Парня, героя этой истории, толковым не назовешь. Он не из тех, кто вовремя отвезет мать на химиотерапию или закроет окно, если пошел дождь. Или выгодно продаст корову, когда они с матерью окажутся на мели и у них, кроме этой коровы, больше вообще ничего не останется.
Героя нашего мать отправила в город продавать единственную корову, а тот отдал ее встречному незнакомцу за пригоршню бобов. Незнакомец сказал, что бобы волшебные, и этого Джеку хватило. Он даже не поинтересовался, в каком смысле волшебные. Может, силою их волшебства у него появится семь красавиц-жен? А то вдруг бобы превратятся в семь смертных грехов, которые, как назойливые мухи, будут виться вокруг него до конца жизни?
Джек и секунды не сомневался. Джек не задавал лишних вопросов. Джек с ходу сказал: Слышь, дядя, волшебные бобы это, типа, круто.
Парней вроде Джека на свете полным-полно. Парней, которые легко ведутся на любые посулы, а играть предпочитают рисково и по-крупному, ибо уверены, что рождены для побед. У таких парней всегда наготове гениальная идея киносценария и дело за ерундой – всего-то нужен кто-то, кто этот сценарий напишет. Он диджеит на домашних вечеринках и все ждет, когда среди гостей появится владелец модного клуба, который обязательно наймет его ставить музыку для сотен настоящих ценителей. Он бросает профессиональное училище, ясно осознав ко второму или третьему семестру, что это путь в никуда и лучше будет вернуться в родительский дом и там в своей бывшей детской, временно безработным, дожидаться славы и богатства.
Огорчилась ли мать, когда, возвратясь домой, Джек показал ей, что досталось ему в обмен на корову? Да, она огорчилась.

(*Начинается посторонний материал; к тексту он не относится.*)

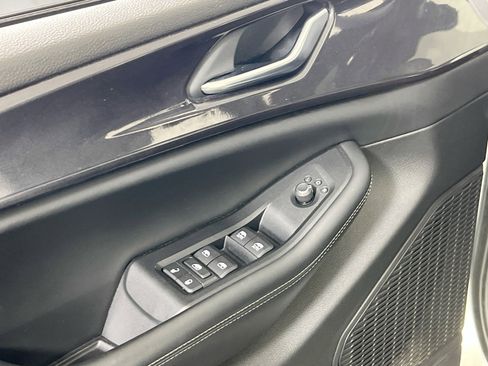 Used 2023 Jeep Grand Cherokee Altitude AWD/4WD image 15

Я ж всё-всё тебе отдавала, сама не понимаю, из чего поесть тебе собрать исхитрялась, себе ни крошки не брала, и как же ты вырос-то у меня такой раззявой бестолковой, скажи на милость?

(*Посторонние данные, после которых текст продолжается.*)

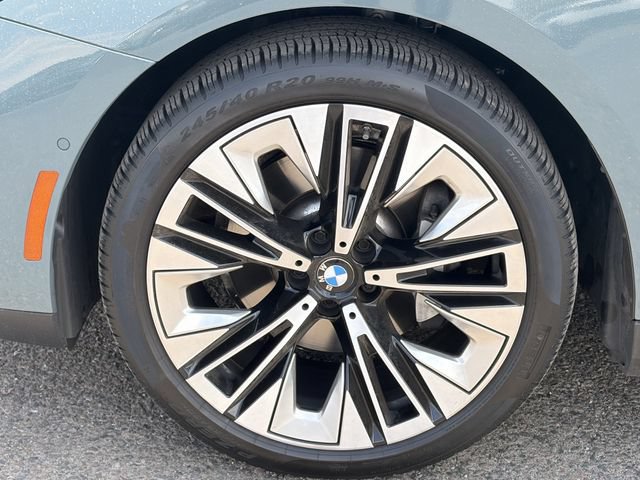 Used 2025 BMW 530i RWD image 11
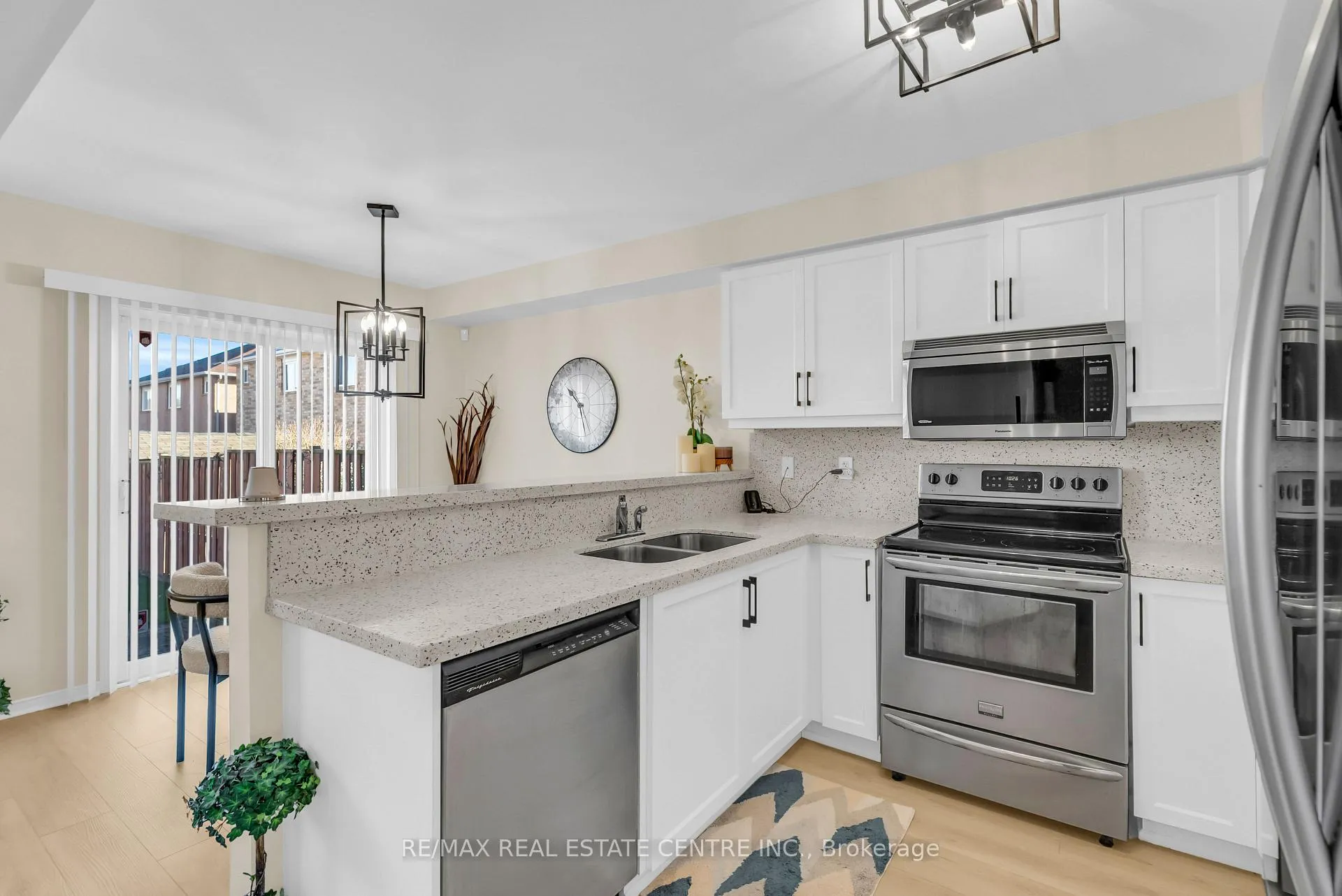 Photo 27 of 43 Lockheed Crescent, Brampton, Fletcher's Meadow — HOMEH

Тоскливо ли было Джеку от того, что у матери совсем никуда с воображением, что ей слабо́ сразиться в рулетку с судьбой, что опасливая бережливость завела ее в безнадежный тупик? Да, на него все это навевало тоску.
Что я хочу сказать, мам, ты на дом-то наш глянь. Чем над каждым грошом трястись, так по мне лучше сразу концы отдать, нет? Сама подумай. Как отец помер, к нам никто носу не кажет. Голодный Хэнк и тот не зайдет. И Вилли-Недоумка тоже сколько уже не видать.

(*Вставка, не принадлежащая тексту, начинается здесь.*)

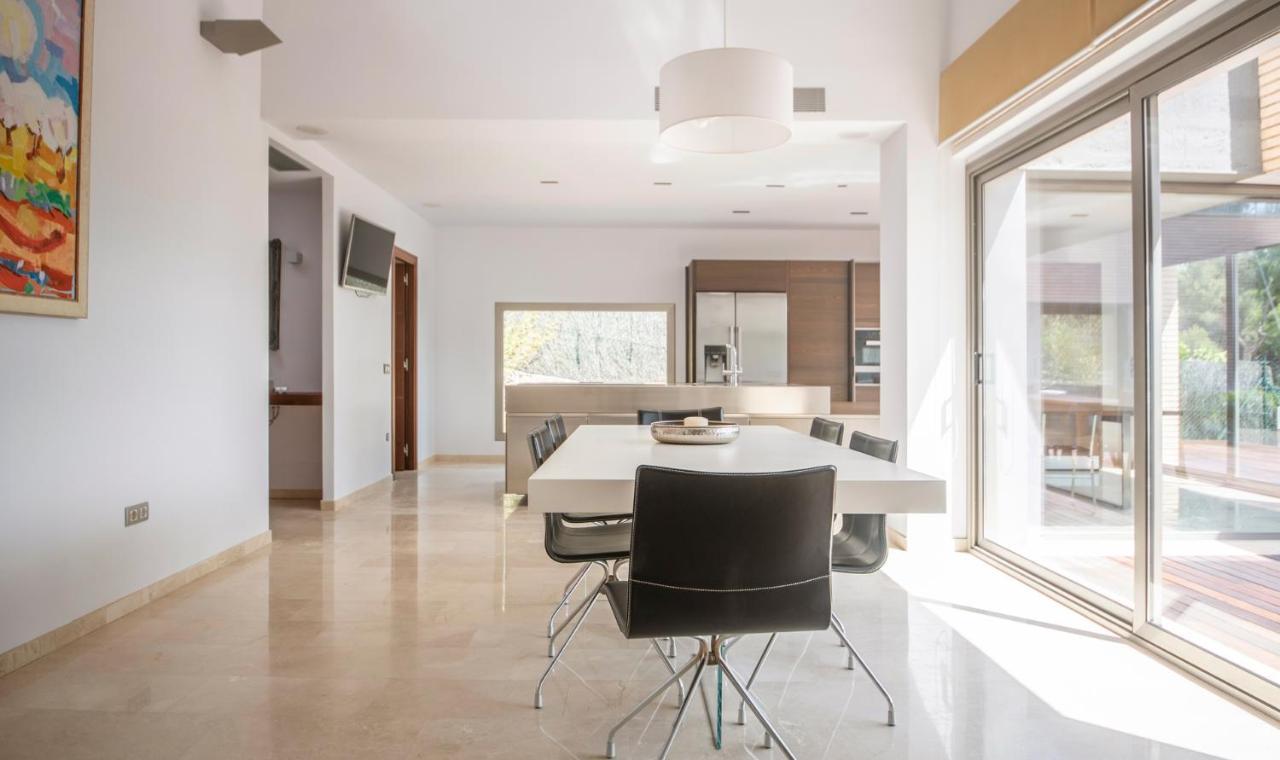 Limonium Deluxe With Private Pool, Tarracohomes Villa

Ответа от матери Джек и не ждал, но она про себя все равно нашла что сказать.
У меня есть мой красотуля – наглядеться не могу, как он утром клонит над умывальным тазом свою молодую сильную спину. И на кой мне сдались Голодный Хэнк с его гнилыми зубами, а уж тем более скрюченный Вилли-Недоумок?
Но как бы ни был хорош сынок, а целую корову он таки отдал за пригоршню бобов. Поэтому бобы она выкинула в окошко, а Джека отправила спать без ужина.